AVAILABLE DATA:

◇ ◇ ◇ ◇

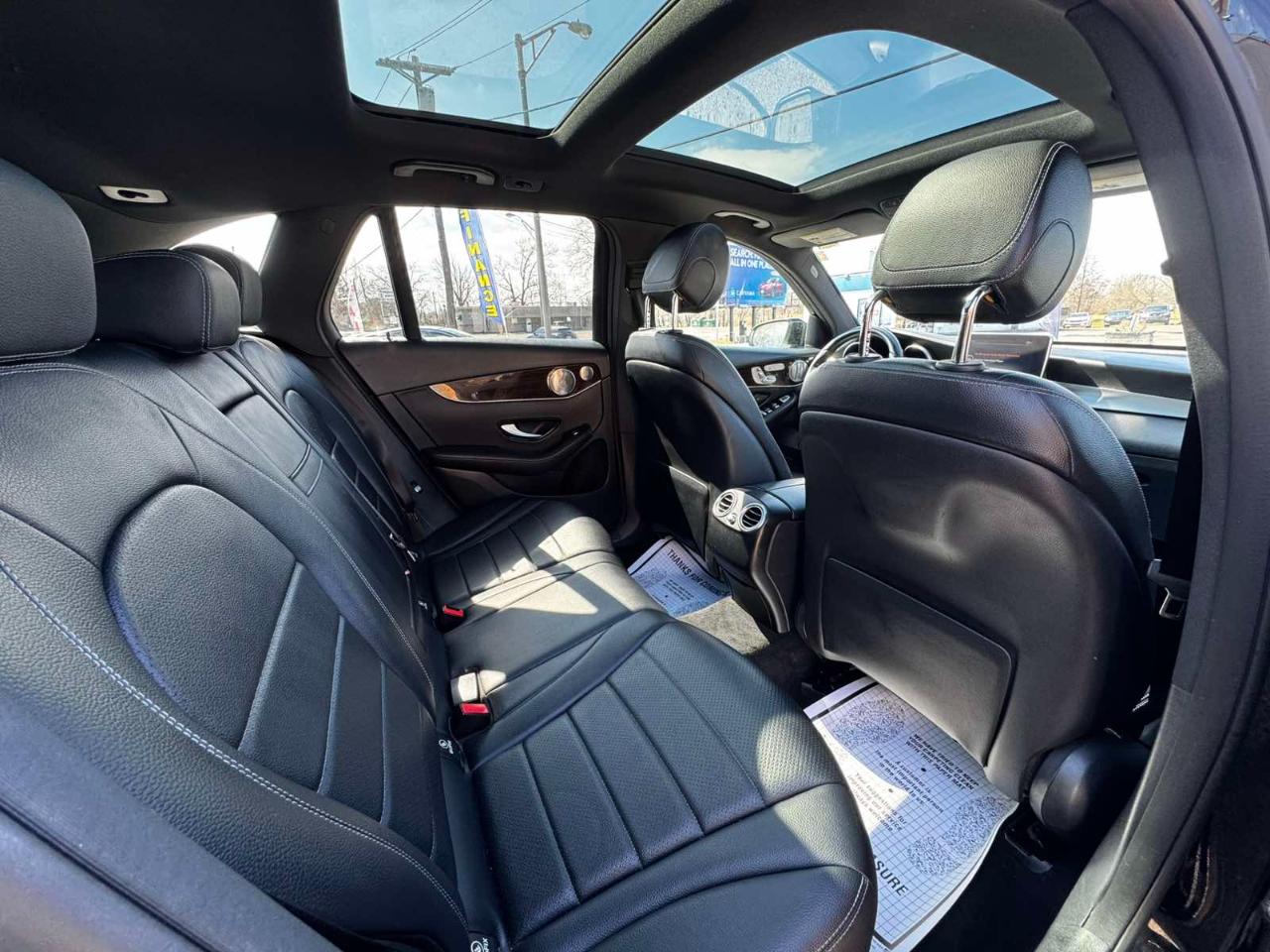 Mercedes-Benz GLC GLC 300 4MATIC SUV 2017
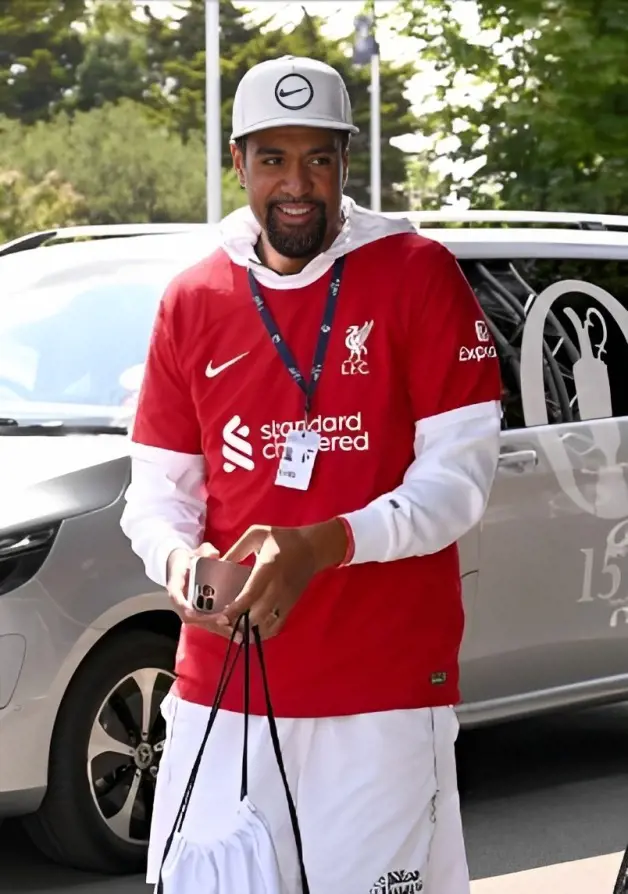 World No. 19 golfer Tony Finau also shares interest in soccer and seems like he is a Liverpool FC supporter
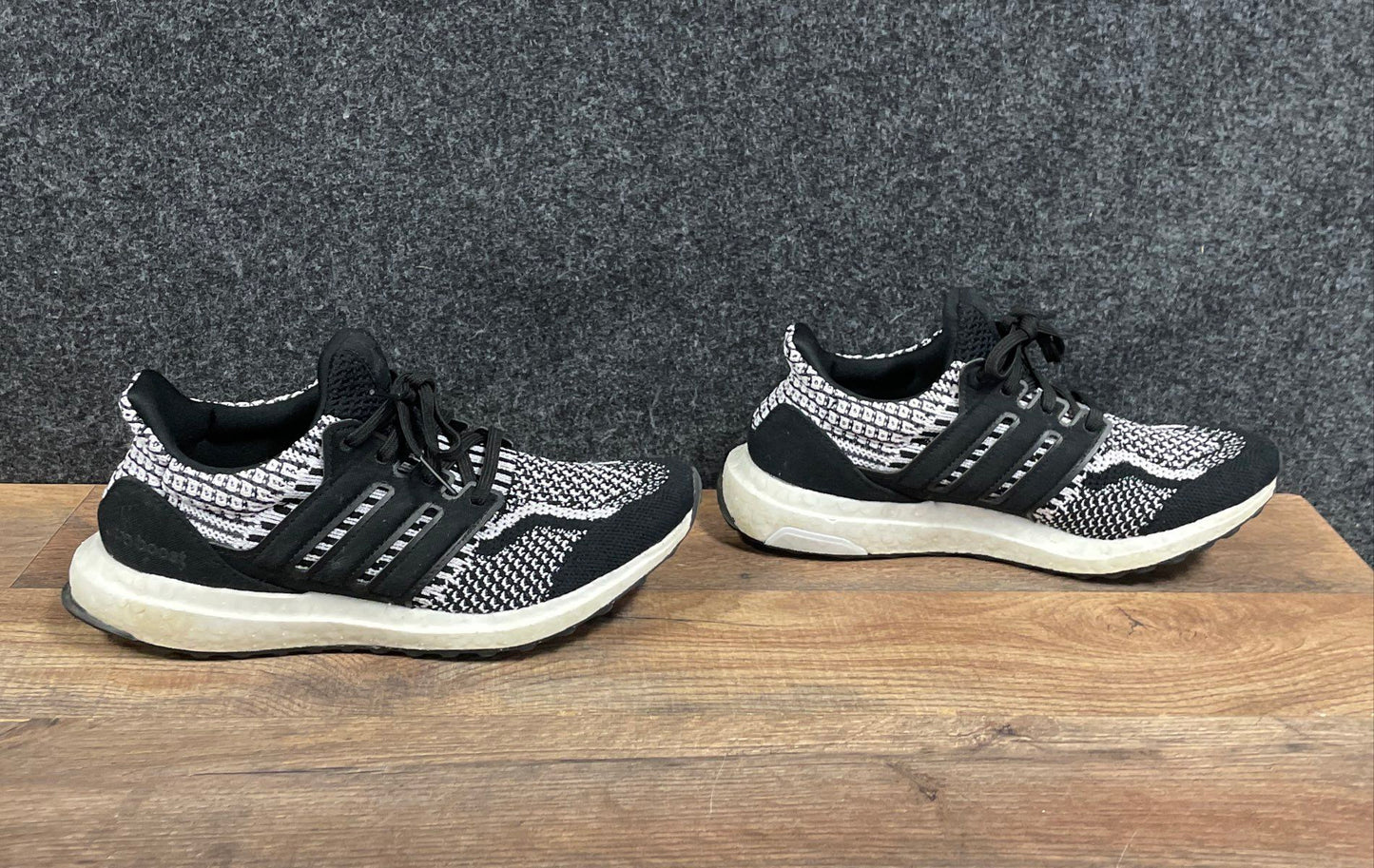 Adidas Ultraboost 5.0 DNA Oreo Black White Running Sneakers Size 5.5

◇ ◇ ◇ ◇

WHAT TO WORK ON: Transcribe exactly the portion of the material above that runs from the line containing "World No. 19" through its last line, omitting all pictures.

EXERCISE OUTPUT:
 World No. 19 golfer Tony Finau also shares interest in soccer and seems like he is a Liverpool FC supporter
 Adidas Ultraboost 5.0 DNA Oreo Black White Running Sneakers Size 5.5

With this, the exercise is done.